(The task) Transcribe exactly, please, the lines from the one containing "14K White Gold" through the end of the records below, and leave out the pictures.

---------- Dataset records

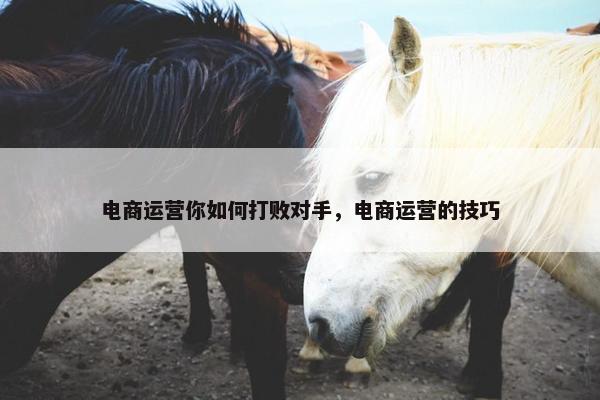 电商运营你如何打败对手，电商运营的技巧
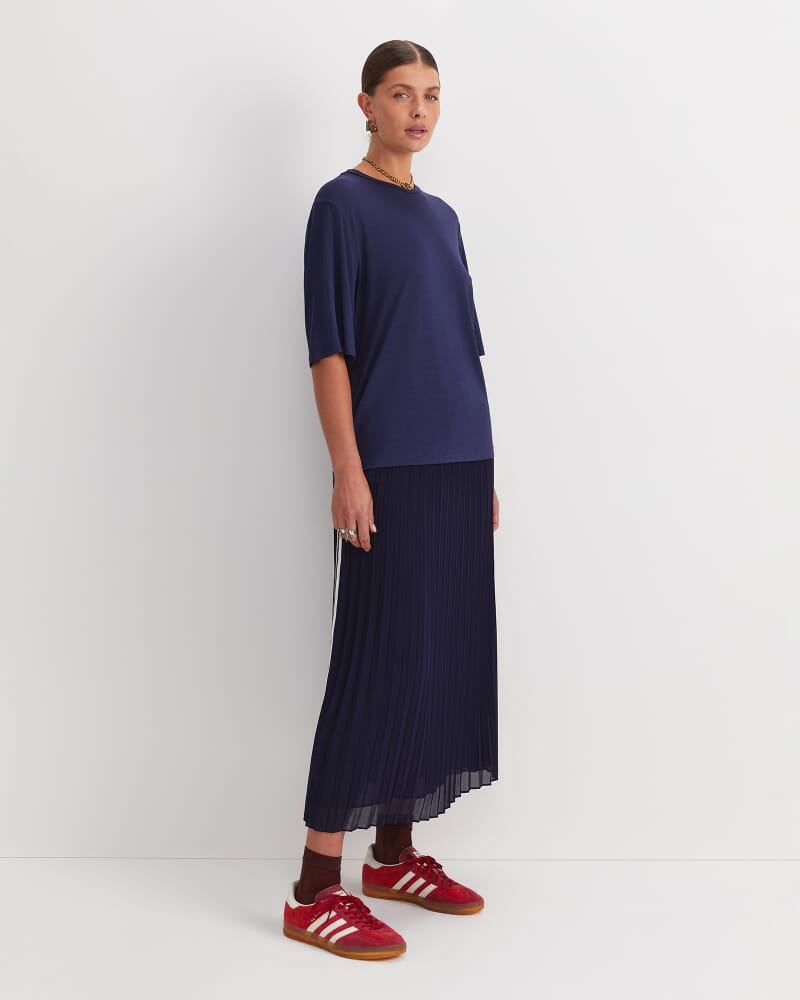 Sylvie Draped Jersey Top in NAVY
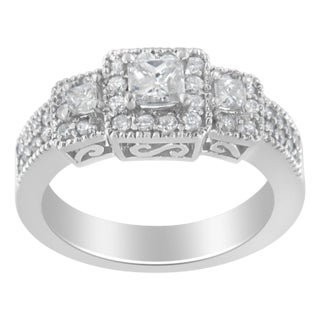 14K White Gold Round and Princess-Cut Diamond Three Stone Ring (1 Cttw, H-I Color, I1-I2 Clarity) - Size 7 For Sale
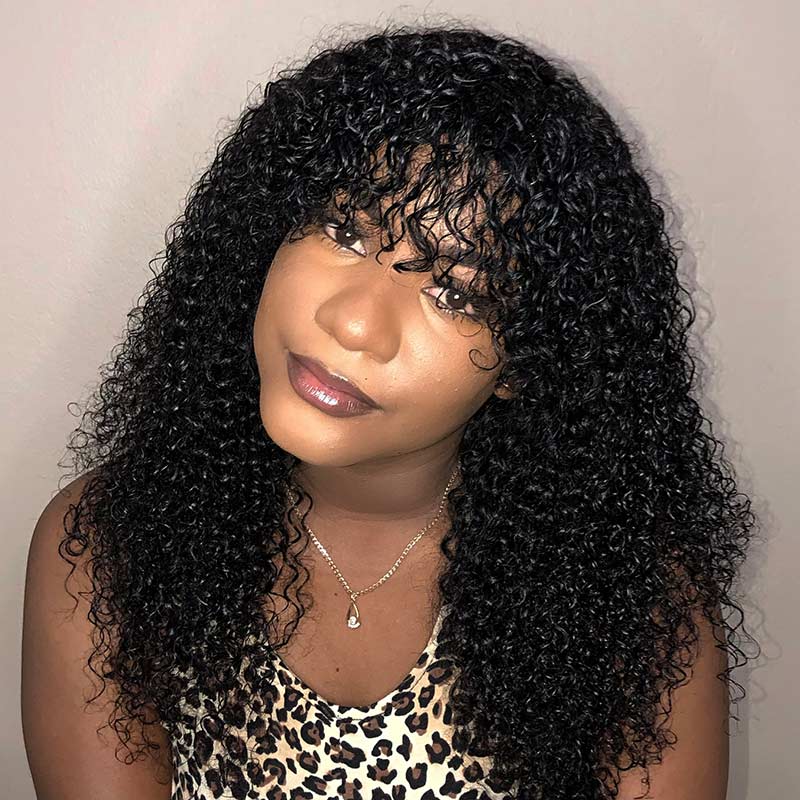 Wig With Bangs Wet and Wavy Human Hair Glueless Wigs Bouncy Curls Black Hair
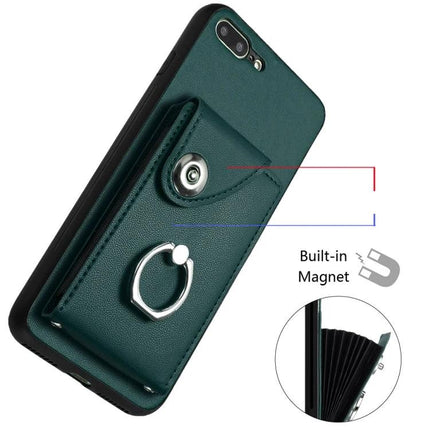 Phone Case With Card Slots For Everyday Outings in green PU with 6 card slots, snap pocket and ring holder for hands-free use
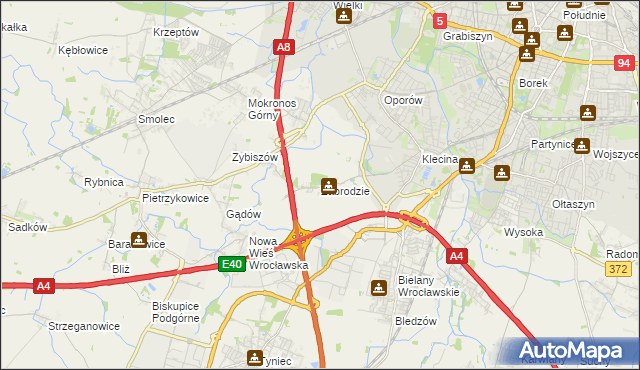 mapa Zabrodzie gmina Kąty Wrocławskie, Zabrodzie gmina Kąty Wrocławskie na mapie Targeo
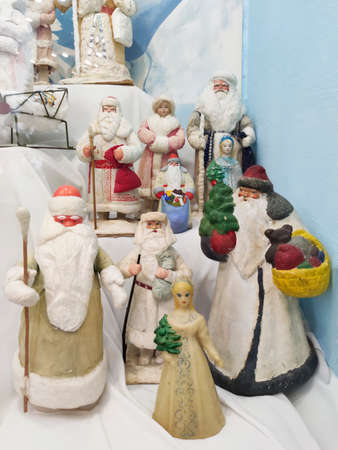 A collection of vintage Soviet Christmas toys from Santa Claus and snow maidens.の写真素材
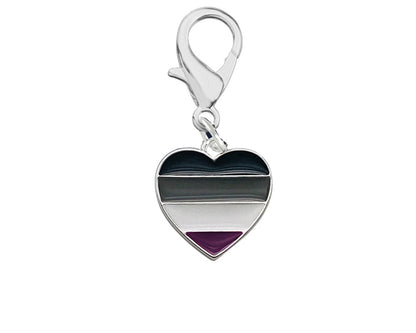 12 Asexual LGBTQ Pride Heart Hanging Charms by Fundraising For A Cause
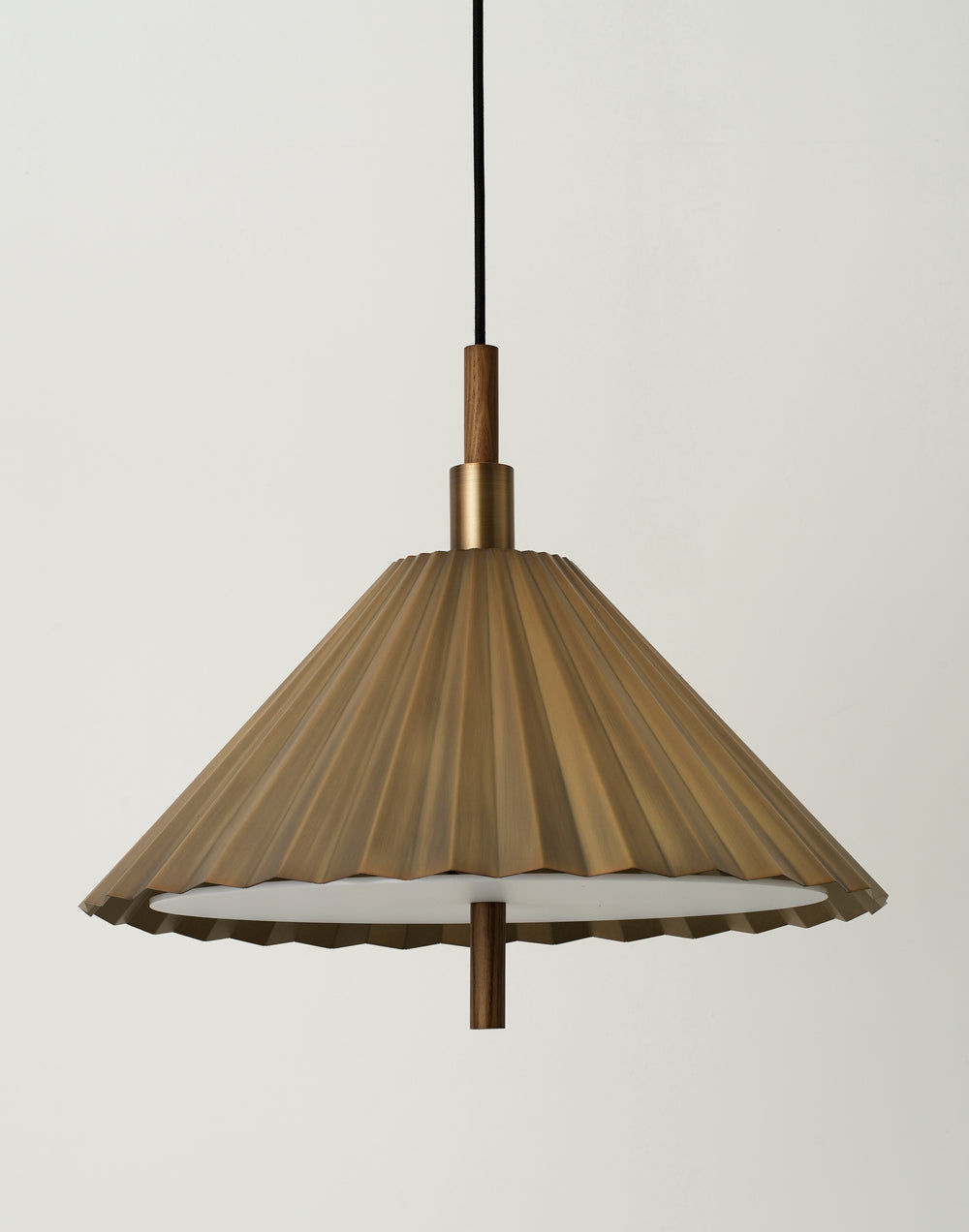 Wycombe Umbrella Pleated Pendant Light in Brass finish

--------------------

(Exercise output)
 14K White Gold Round and Princess-Cut Diamond Three Stone Ring (1 Cttw, H-I Color, I1-I2 Clarity) - Size 7 For Sale
 Wig With Bangs Wet and Wavy Human Hair Glueless Wigs Bouncy Curls Black Hair
 Phone Case With Card Slots For Everyday Outings in green PU with 6 card slots, snap pocket and ring holder for hands-free use
 mapa Zabrodzie gmina Kąty Wrocławskie, Zabrodzie gmina Kąty Wrocławskie na mapie Targeo
 A collection of vintage Soviet Christmas toys from Santa Claus and snow maidens.の写真素材
 12 Asexual LGBTQ Pride Heart Hanging Charms by Fundraising For A Cause
 Wycombe Umbrella Pleated Pendant Light in Brass finish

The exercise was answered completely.